Tech Explained: Global tech leaders call for collective action at the India AI Impact Summit  in Simple Terms

Tech Explained: Here’s a simplified explanation of the latest technology update around Tech Explained: Global tech leaders call for collective action at the India AI Impact Summit in Simple Termsand what it means for users..

While the world is standing at the precipice of a “once-in-a-generation” shift as artificial intelligence exponentially improves, ensuring that its impact is a net positive to human development will require concerted efforts, global technology leaders said on the fourth day of the India AI Impact Summit here.

The world must come together to pursue AI boldly and responsibly, as the technology’s positive outcome is neither guaranteed, nor will it be automatic, Google chief executive Sundar Pichai said. “We have the opportunity to improve lives at a once-in-a generation scale,” he said.

OpenAI CEO Sam Altman said the world may be only a couple of years away from early versions of true super intelligence—by the end of 2028. “We continue to believe that iterative deployment is a key strategic insight, and that society needs to contend with and use each successive new level of AI capability, have time to integrate it, understand it and decide how to move forward,” he said.

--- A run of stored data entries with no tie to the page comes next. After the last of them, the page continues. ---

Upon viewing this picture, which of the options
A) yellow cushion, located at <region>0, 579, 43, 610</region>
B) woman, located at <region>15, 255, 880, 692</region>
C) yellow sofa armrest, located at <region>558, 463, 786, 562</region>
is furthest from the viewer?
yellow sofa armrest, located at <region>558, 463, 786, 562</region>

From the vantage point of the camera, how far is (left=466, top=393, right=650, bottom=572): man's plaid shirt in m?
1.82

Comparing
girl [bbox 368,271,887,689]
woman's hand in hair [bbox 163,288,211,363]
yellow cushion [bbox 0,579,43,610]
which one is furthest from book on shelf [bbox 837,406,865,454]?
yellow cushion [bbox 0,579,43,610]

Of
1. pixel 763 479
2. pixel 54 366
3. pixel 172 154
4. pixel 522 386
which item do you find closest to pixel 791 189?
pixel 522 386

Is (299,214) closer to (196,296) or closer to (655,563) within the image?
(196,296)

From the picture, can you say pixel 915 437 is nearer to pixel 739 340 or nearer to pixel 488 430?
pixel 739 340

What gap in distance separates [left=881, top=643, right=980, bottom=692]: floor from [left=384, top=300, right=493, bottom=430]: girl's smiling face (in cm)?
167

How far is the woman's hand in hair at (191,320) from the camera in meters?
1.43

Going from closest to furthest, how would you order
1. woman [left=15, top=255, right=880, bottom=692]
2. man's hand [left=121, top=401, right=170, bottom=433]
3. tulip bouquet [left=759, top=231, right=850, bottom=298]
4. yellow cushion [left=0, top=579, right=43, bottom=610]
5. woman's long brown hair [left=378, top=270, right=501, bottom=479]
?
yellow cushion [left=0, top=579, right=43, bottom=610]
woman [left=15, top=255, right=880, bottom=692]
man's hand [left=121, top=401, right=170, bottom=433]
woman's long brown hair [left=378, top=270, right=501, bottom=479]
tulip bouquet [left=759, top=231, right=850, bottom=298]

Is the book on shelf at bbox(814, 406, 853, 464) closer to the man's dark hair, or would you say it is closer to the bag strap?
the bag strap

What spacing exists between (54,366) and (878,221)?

Altman’s optimism about AI’s development was also echoed by Google DeepMind cofounder and CEO Demis Hassabis, who said artificial general intelligence (AGI) is now “on the horizon” and could be more transformative than the Industrial Revolution, unfolding at unprecedented speed.

Describing the moment as one of the most consequential in human history, Hassabis said AGI could have “ten times the impact of the Industrial Revolution, probably at ten times the speed of anything else.” However, he added, “it’s still to be written how we can make that beneficial for the whole world”.

Other executives opted to temper expectations of a radical shift in enterprise adoption of AI.